:: Exercise instructions ::
Give again the entries below exactly, beginning at the first line and ending at the line with "Fleurs de Sucre".
Extracted data START
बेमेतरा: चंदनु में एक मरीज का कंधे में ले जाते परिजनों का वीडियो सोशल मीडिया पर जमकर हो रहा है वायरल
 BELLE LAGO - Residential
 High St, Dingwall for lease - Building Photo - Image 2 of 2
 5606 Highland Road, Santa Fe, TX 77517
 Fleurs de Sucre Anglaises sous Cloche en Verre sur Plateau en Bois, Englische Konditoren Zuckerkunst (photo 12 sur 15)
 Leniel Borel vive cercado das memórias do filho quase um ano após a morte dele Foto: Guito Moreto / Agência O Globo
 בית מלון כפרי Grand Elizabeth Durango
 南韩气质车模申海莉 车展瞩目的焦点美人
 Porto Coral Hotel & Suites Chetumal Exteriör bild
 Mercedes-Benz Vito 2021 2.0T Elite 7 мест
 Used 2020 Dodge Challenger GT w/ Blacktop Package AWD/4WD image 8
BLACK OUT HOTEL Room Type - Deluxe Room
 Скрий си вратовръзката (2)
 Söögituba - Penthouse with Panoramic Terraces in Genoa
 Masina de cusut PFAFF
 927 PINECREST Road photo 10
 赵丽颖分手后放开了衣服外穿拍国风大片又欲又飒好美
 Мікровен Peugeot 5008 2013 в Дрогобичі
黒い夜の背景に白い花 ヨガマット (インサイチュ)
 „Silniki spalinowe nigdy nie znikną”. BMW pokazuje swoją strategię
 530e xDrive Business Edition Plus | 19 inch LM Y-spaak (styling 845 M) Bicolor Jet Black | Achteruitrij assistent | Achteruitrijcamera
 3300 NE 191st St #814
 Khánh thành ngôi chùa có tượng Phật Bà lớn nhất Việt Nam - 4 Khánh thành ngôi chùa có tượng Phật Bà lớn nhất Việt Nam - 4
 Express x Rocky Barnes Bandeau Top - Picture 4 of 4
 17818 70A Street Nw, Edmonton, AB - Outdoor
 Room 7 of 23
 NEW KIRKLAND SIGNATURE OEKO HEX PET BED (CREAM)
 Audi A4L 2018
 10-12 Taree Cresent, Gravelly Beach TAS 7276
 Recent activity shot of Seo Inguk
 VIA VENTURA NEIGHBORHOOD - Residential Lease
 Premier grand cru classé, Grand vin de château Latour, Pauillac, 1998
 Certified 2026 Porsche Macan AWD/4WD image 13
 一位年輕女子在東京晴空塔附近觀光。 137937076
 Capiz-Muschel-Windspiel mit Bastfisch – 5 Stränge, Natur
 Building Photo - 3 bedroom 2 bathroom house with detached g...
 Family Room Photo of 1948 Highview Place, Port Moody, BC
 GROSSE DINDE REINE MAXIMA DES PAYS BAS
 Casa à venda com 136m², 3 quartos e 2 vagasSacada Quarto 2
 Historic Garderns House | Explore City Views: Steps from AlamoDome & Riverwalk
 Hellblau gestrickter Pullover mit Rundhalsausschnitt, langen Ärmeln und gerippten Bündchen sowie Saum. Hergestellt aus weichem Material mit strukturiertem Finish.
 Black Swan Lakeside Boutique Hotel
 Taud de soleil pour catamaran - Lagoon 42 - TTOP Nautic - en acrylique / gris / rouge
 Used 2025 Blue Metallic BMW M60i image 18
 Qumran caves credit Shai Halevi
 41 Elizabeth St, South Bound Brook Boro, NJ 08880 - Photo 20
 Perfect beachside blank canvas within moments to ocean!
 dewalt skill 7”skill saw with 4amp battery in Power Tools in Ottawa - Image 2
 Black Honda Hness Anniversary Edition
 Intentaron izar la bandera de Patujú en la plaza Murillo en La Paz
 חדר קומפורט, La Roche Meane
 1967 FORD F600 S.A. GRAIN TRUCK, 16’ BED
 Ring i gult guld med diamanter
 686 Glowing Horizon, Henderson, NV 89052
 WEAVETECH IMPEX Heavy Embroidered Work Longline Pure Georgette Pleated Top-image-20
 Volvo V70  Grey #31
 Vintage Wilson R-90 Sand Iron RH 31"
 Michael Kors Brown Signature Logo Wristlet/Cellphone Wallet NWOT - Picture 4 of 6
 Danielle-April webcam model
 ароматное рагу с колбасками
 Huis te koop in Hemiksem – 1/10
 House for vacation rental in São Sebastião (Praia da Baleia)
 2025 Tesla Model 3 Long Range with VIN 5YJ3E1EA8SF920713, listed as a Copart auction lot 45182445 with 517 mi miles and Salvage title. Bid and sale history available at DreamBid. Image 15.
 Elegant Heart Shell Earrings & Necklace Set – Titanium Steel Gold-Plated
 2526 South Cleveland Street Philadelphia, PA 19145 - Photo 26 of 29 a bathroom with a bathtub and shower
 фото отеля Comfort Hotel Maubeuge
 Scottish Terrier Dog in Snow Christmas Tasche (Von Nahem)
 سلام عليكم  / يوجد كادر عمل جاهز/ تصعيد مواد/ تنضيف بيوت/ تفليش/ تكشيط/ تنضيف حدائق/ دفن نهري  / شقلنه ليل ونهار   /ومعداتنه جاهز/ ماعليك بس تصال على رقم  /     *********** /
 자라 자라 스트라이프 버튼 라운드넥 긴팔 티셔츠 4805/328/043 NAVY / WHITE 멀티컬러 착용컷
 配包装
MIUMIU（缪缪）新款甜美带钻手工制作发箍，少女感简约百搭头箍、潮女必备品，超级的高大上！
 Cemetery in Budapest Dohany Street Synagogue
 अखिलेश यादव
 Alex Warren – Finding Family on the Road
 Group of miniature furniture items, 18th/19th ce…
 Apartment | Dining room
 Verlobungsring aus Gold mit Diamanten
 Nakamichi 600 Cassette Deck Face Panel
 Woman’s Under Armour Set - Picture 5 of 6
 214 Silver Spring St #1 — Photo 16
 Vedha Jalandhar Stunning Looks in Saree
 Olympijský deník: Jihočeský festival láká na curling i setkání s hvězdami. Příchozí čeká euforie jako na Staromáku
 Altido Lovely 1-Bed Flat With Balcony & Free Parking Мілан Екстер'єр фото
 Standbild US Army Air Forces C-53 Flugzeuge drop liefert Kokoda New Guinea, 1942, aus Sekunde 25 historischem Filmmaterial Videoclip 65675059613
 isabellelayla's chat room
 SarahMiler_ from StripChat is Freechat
Extracted data END
:: Result for this exercise ::
बेमेतरा: चंदनु में एक मरीज का कंधे में ले जाते परिजनों का वीडियो सोशल मीडिया पर जमकर हो रहा है वायरल
 BELLE LAGO - Residential
 High St, Dingwall for lease - Building Photo - Image 2 of 2
 5606 Highland Road, Santa Fe, TX 77517
 Fleurs de Sucre Anglaises sous Cloche en Verre sur Plateau en Bois, Englische Konditoren Zuckerkunst (photo 12 sur 15)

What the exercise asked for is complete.